I looked at him quizzically and asked, “Who are you?” His reply: “My father was killed in Tunis in 1988.” I understood immediately: This was the son of Abu Jihad, Arafat’s closest associate and the co-founder, with Arafat, of Fatah. Abu Jihad was its military commander, mastermind of the infamous Coastal Road massacre, the 1978 attack on a bus near Tel Aviv that killed 38 Israelis and wounded another 70 — as well as the mastermind of numerous other terror attacks on Israeli targets in the 1970s and ’80s.

It was commonly thought that he had been killed by an Israeli special forces team. So I said to his son, “Then I know who you are.” He nodded gravely.

On November 1, the Israeli authorities, surprisingly, lifted their ban on the publication of the details of Abu Jihad’s assassination. And, as we learned from a 2000 interview with the hitherto unacknowledged man who pulled the trigger, the assassination involved plenty of derring-do.

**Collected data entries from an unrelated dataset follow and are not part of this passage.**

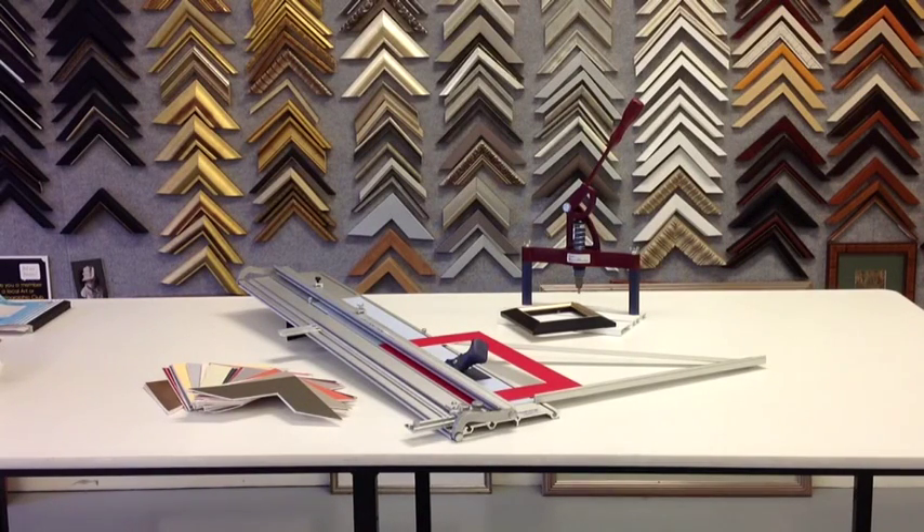Hello and welcome to our series of how-to videos for our DIY picture framing products. Whether you're just learning to frame or you've actually been framing for a while and want to take it to a home-based business, this series of videos will help you all the way through.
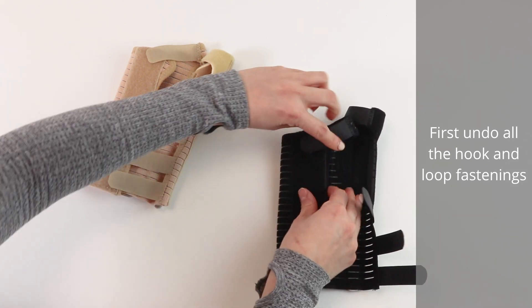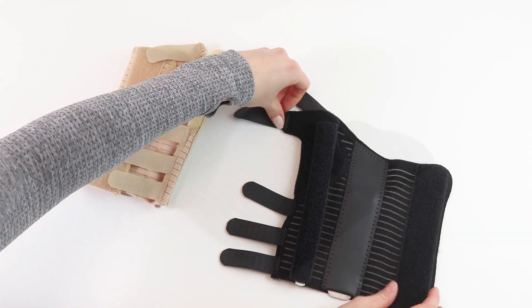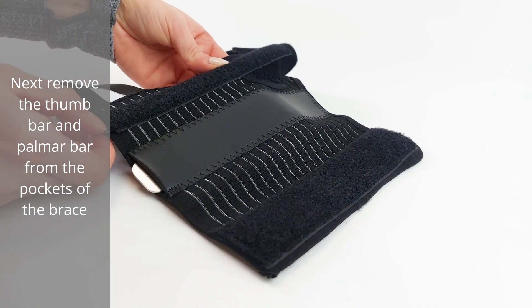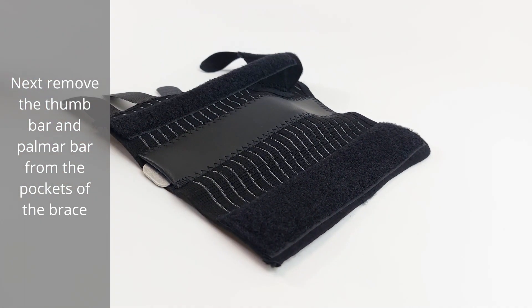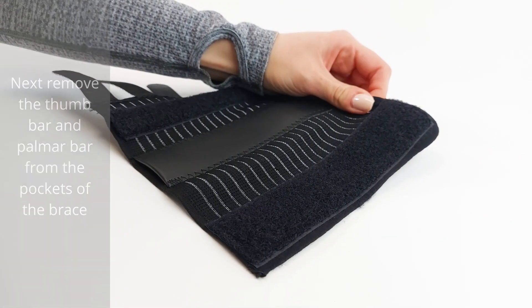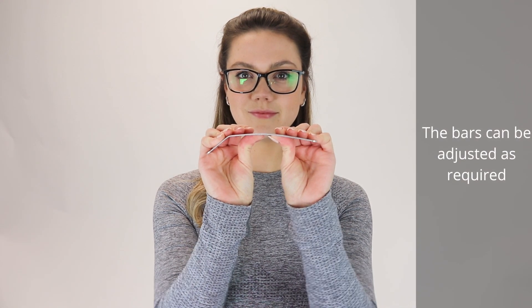Next, remove the thumb bar and palmer bar from the pockets of the brace. The bar can be adjusted as required.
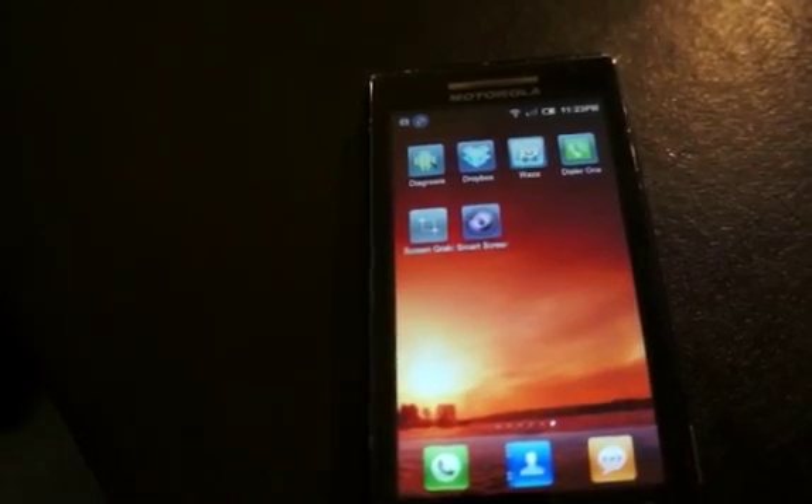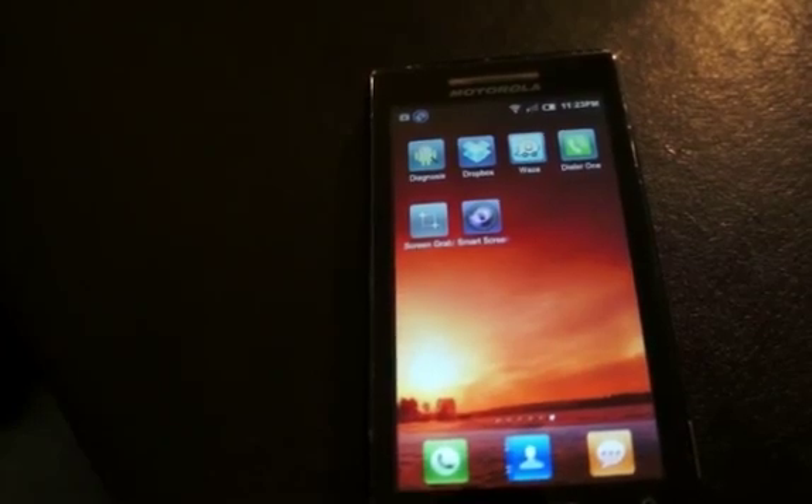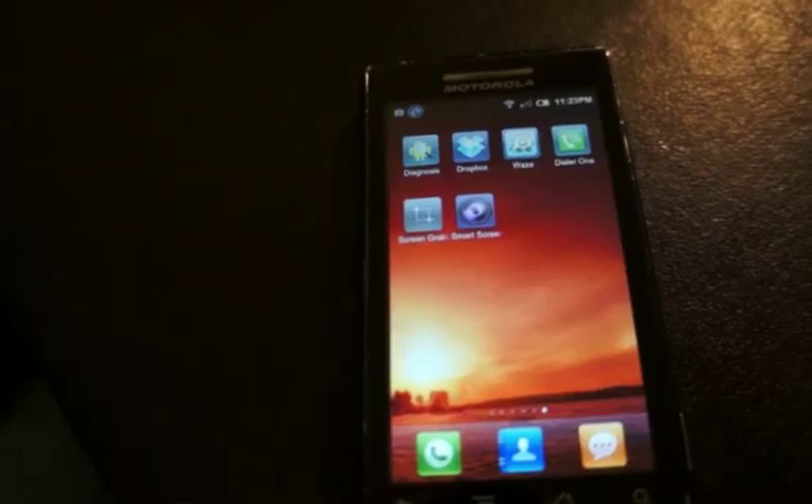Smart Screen Off is free in the Android market. There's a donation version for a couple of bucks, but it doesn't add too many more features — the free version ought to take care of all your needs if you want to install it.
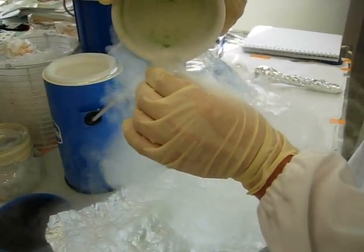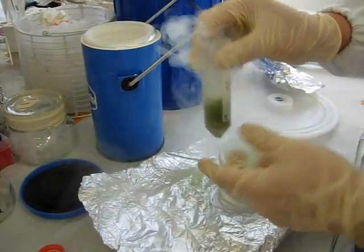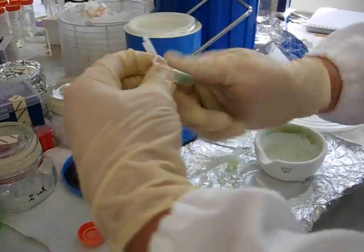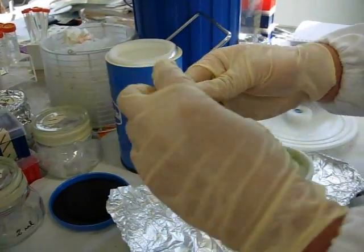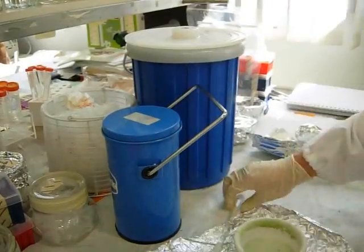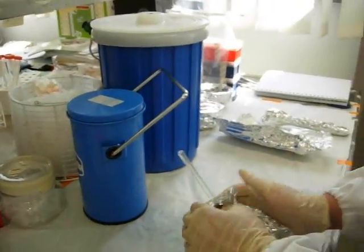I put it inside the falcon tube and freeze it back to minus 80. So when I need it, I take it out and add more powder. For these samples, when I see that the nitrogen is gone, I close them and freeze them back. That's basically all you need to know about this part. Thank you.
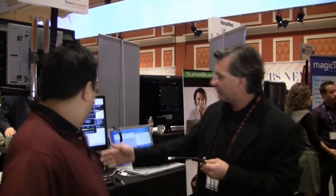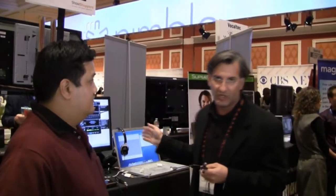Now the big question: price, availability? The USB computer and Mac version will be available in the spring, and then the DSP version will be available later this year.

Abu Jihad’s death, just five years before the Oslo Accords, was witnessed by his wife and by his son, Jihad al-Wazir — the son with whom I’d had the brief and hopeful exchange in the Arafat suite. Abu Jihad’s son, now head of the Palestinian central bank, announced that the family would have no comment on the grisly details. Who can say with confidence that Israel has no partner for peace?

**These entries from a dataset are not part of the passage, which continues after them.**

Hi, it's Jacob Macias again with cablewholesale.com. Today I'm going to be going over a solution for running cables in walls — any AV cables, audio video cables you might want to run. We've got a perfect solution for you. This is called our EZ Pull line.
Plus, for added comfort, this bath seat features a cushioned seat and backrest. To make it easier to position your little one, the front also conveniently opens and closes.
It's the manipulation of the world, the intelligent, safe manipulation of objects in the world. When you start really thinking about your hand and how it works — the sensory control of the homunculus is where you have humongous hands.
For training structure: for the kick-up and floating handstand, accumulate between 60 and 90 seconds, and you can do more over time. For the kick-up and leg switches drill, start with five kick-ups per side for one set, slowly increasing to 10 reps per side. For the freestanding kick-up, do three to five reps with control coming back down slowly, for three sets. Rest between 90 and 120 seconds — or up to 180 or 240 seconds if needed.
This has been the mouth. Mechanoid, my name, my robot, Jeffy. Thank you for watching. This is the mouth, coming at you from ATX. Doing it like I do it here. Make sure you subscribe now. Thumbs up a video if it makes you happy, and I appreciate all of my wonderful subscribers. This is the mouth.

And then, of course, there’s President Mahmoud Abbas. In an interview on Israel’s Channel 2 on November 5, Abbas declared his dedication to the principle of two states within the 1967 borders, and although he didn’t relinquish the principle of the right of return, he did say that he was willing to make do with visiting Safed, the city of his birth, as a tourist. For this he has been vilified by Hamas and others.

Who can say that Israel has no partner for peace?

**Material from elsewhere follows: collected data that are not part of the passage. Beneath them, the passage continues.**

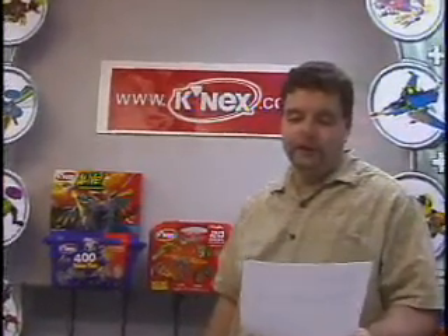Hi, I'm Mark, and I'm bringing you today's video building tip. Today's question comes from Matt, age 14. He asks: what if you wanted to build a Connex car with many gear ratios that you can switch between with a movement of a lever?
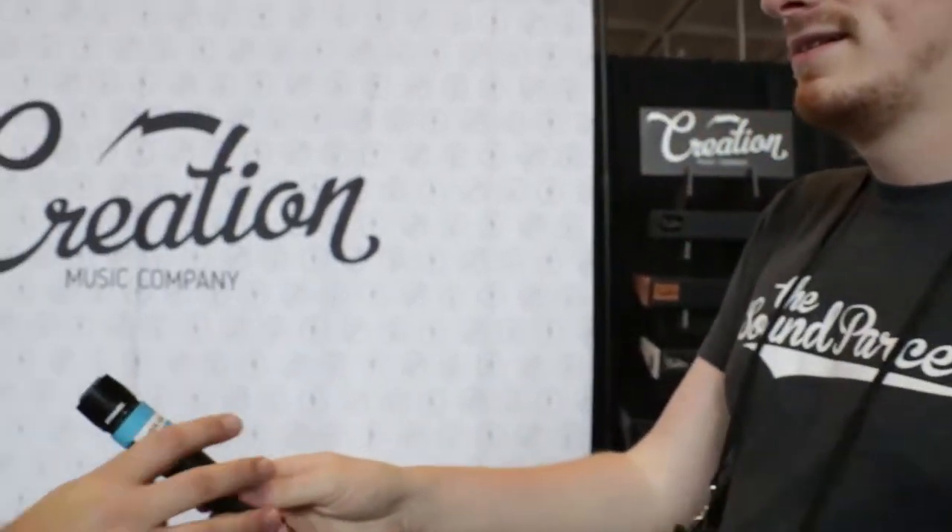Hey everybody, I'm Chris of Carter's Talk Tone and today we're at the Creation booth at Summer NAMM 2017. We're going to let John Snyder take over and tell us about his new lineup of pedal boards and his new lineup of amps. John? Thanks Chris. Hey guys, it's John here. Let me walk you through our line this year and tell you what's different about our company.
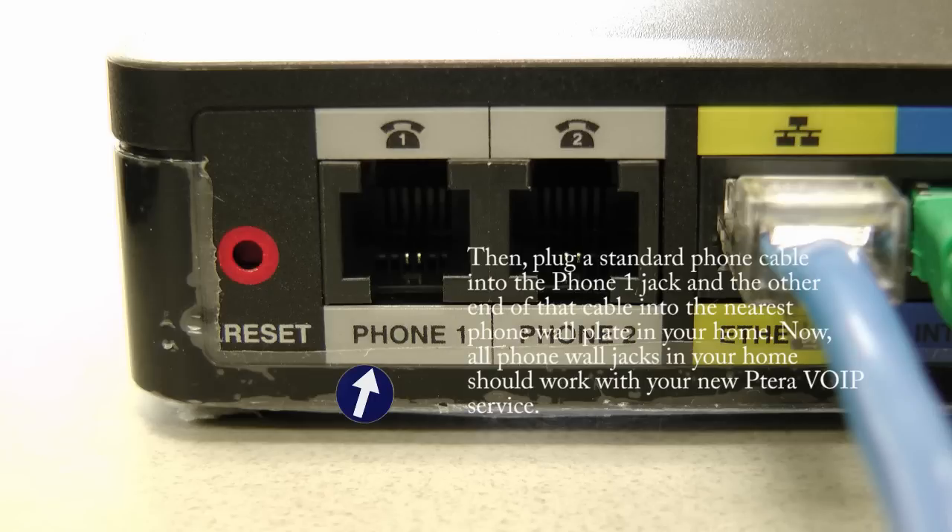Next, take any standard phone cable and plug one end into the Phone 1 port on the back of the ATA device. Then plug the other end into any wall jack in your home. This should make all of your internal home jacks work with your new Patera VOIP phone system. However, depending on how the internal phone wiring of your home is done, we cannot guarantee that all wall jacks will work properly.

That, sadly, is not a rhetorical question. Prime Minister Benjamin Netanyahu greeted Abbas’s interview with these words: “I can say that if Abu Mazen [Abbas’s alternate name] is really serious and intends to advance peace, as far as I am concerned, we can sit together immediately. Jerusalem and Ramallah are only seven minutes apart; I am ready to start negotiations today. I will take this opportunity to again call on President Abbas to return to the negotiating table without preconditions….”

No preconditions. This from a man who has declared repeatedly that Jerusalem, all of it, will eternally remain the undivided capital of Israel, a man who encourages its steady Judaization; the same man who has declared that Ariel will always be part of Israel, a man who comes to the table with a host of his own preconditions.

But didn’t this same man announce at Bar-Ilan University just three years ago that he favors a two-state solution to the conflict? He did. And then he proceeded to act — and still does — as if he’d never uttered those words, as if Israel will be content over the long term to sit and slowly whittle away the geographic conditions upon which a viable Palestinian state depends.

Who can honestly say that the Palestinians have a partner for peace?

Meretz was the only left-wing Zionist party to welcome Abbas’s comments, as did President Shimon Peres. They know, it seems, that Netanyahu’s calls for renewal of negotiations are meaningless, intended to preserve the fig leaf of Israel’s reasonableness rather than to articulate a serious policy. On November 6 Haaretz published an open letter from Israeli novelist David Grossman urging Netanyahu to move beyond vague assurances and begin talks with Abbas now.

The world is awash with problems and crises: the economy, climate change, Afghanistan, Pakistan and bloodletting in Syria, and the list goes depressingly on. It is doubtful that the United States will have the stomach for yet another try at brokering an Israel/Palestine peace, in light of the rest of its urgent agenda, the ongoing upheavals in the Arab world and of Netanyahu’s intransigence.

So the partners. And the parties themselves? Don’t hold your breath; see, instead, to your breaking heart.